How the Pros Steer Clear of the Tax Bite

 

Even investors who understand the overall benefits of tax-efficient mutual funds -- and those of you who don't should read "You Can Spare Returns the Tax Ax" -- view tax management as little more than the matching of capital gains with losses.

As with everything that involves taxes, there's a lot more to the story.

Tax-efficient funds (whether they bill themselves as such or not -- see "Funds That Can Keep Taxes Low Can Save Your Portfolio") employ several basic strategies. And while many of these strategies are implemented more efficiently on the grand scale of fund management, most of them provide a relevant (and eminently workable) structure that individuals can implement in their own portfolios. Whether investing through a mutual fund or via your own through individual issues, tax management is vital to keeping your gains -- particularly when those gains are far more anemic than what many investors have become accustomed to.

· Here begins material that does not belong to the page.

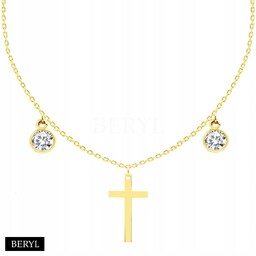 Naszyjnik CHOKER srebro 925 krzyżyk cyrkonie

Clearly, one of the most basic strategies involves taking a loss each time a manager is forced to take a gain. Now, many investors would like to think that their actively managed fund simply doesn't hold any losses -- after all, if it did, how would they ever make any money? Well, here's a news flash: All funds have losses somewhere in their portfolio. Even concentrated funds that own just a few stocks, or funds that keep turnover to a minimum -- all hold shares of varying cost bases, and depending on when they were acquired and where the market is now, a fund could easily hold a multitude of shares in a single company, some of which have unrealized gains, some of which have unrealized losses. It's just the nature of mutual funds and the market.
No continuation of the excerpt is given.